Puis le Covid a mis tout le monde en vacances durant quelques mois, puis le nerf de la guerre est devenu la guerre des nerfs : le pouvoir est désormais aux influenceurs clivants dont les actions rebattent les cartes de l’économie mondiale et la déstabilisent, et à la Tech en situation de monopole sur ses spécialités qui prélève des rentes colossales sur l’économie industrielle qu’elle appauvrit et refuse de financer par l’impôt les États et les autorités de régulations dont l’aide serait précieuse pour accompagner la transformation de la vieille industrie.
En parallèle d’autres acteurs ont fait leur chemin que sont les ETI familiales qui ont conservé leur indépendance en France, mais aussi en Allemagne et en Italie, ainsi que des startup qui se sont créées sur des segments packaging innovants, notamment dans le domaine environnemental, dont la souplesse complète les grosses structures. Elles représentent certainement un potentiel de croissance, si la réorganisation des marchés ne brise pas leur dynamique et si elles sécurisent leurs ressources financières.

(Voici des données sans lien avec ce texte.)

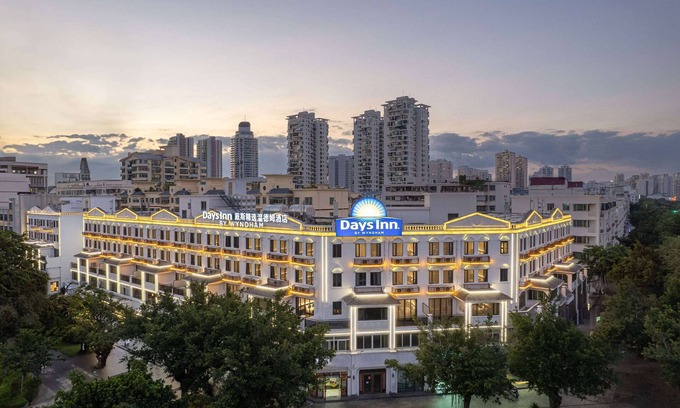 Sanya Hotel | Days Inn By Wyndham Hainan Sanya Bay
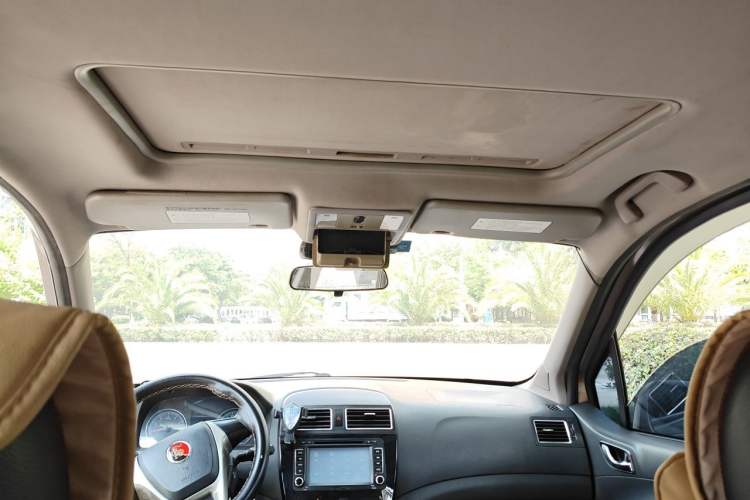 Used FORTHING Joyear X5 2013 1.6L Manual Luxury Model China IV Standard Headliner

Enfin des oligopoles, voire des monopoles, de fournisseurs de matières premières, notamment recyclées, et d’énergie se sont constitués, renforçant leur « pricing power » sur les industriels du packaging, ce qui réduit d’autant leur marge de manœuvre en période de crise.
Désormais, le défi pour les acteurs du packaging de toute origine (français, européens, asiatiques, américains) qui ont tant collaboré dans le passé et sont souvent devenus amis, est de conserver leurs plateformes de coordination car l’union fait la force, et de créer de nouvelles formes d’alliance pour s’adapter à la nouvelle fragmentation des marchés, dans un contexte de discorde sur les priorités environnementales.